Perhaps you meant mass?

EXCEPT there is a rule that the total voltage drop across a circuit and the supply voltage MUST be equal - and when you connect a voltmeter across the open portion of the circuit you WILL read source voltage - so BY DEFINITION it is a "voltage drop" without current flow.

Oh, please, stop with the nonsense. Apparently you never took high school physics either. That type of question is a typical one found on physics tests covering Newton's Laws. Cannon gets fired, ball goes up in the air, object gets dropped. Calculate the velocity, the height, etc. It's on the physics SATs. They don't preface the whole damn thing with a page of disclaimers about not including the motion of the earth, the universe, realtivity considerations, etc.
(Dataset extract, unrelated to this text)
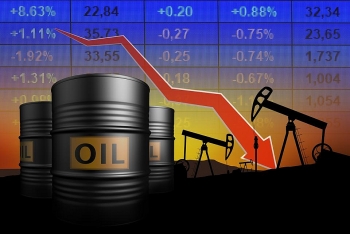 Giá dầu hôm nay 24/11 quay đầu giảm mạnh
Did you go to school with Rafters?

If there is theoretically a circuit, yes. If all you have is a battery and some wires - which are not connected - then no. As soon as you describe it as a circuit - yes..

ferget it!!! It's like a bunch of theologians arguing about how many angels can dance on the point of a pin.

Bend the pin into a circle and it becomes pointless - - - -

FromTheRafters wrote in news:niklfm$kju$1 @news.albasani.net:

That is incorrect. In the equation D = RT, if D and R are both zero, T can -- and must -- be any finite number (e.g. if T = 5 and R = 0, then D = RT = 0 * 5 = 0). The one thing T *cannot* be is infinite: zero times "infinity" is what we call in mathematics an "indeterminate form" that cannot be evaluated algebraically.

Correct, but not relevant to the equation D = RT which is *not* the same thing:

-- D = RT is defined for all real values of all three variables

-- T = D / R is defined for all real values of D and T, and non-zero values of R

Time is not infinite in this equation; as explained above, T must be a finite value.

You can't get around it *with* calculus either.

More nonsense. It does not appear that you ever actually had a course in calculus; at any rate, you certainly didn't *pass* it...

And when either I or R *equals* zero, so does E.

That depends on how it's expressed. As V = IR, zero values are perfectly legitimate.

I'm not getting into *that* argument. I'm just trying to correct the complete and utter nonsense you've been spouting about algebra.

snipped-for-privacy@snyder.on.ca has brought this to us :

It's not a circuit unless there is continuity "open circuit" is a misnomer. When you put the multimeter across the open (gap) the internal resistance of the meter completes the circuit and you read the 'voltage drop' across that internal resistance which tells you what the supply voltage is, because as you said, they must be equal.

FromTheRafters wrote in news:niklg0$kke$1 @news.albasani.net:

What, you mean your point is that you're wrong? You just stated "you can take any two known quantities [in Ohm's Law] and calculate the third". I just showed that's not true.

Moreover, you're missing the point here rather badly. Given V = IR, with I = 0, it's not possible to calculate any specific value for R precisely because *any finite value* multiplied by zero is still zero. If V = 0 and I = 0, R could be anything at all -- but that doesn't mean that Ohm's Law doesn't work. Rather, it confirms that Ohm's Law *does* work, because the physical representation of 0 = 0R is that no matter what the resistance is, if there's no potential difference no current will flow.

I suppose I'd agree with that statement -- but I'm not sure you realize that there does not have to be current for there to be a potential difference.

It's *your understanding* of Ohm's Law, and of junior high school algebra, that are broken.

False. This is an impossible situation. If current is zero, then voltage *must be* zero; conversely, if voltage is non-zero, then current and resistance must both be non-zero also.

You don't bolster your argument at all by reposting a question asked by someone as ignorant of basic algebra as yourself, especially when you clearly failed to read and understand the many correct explanations in the answers.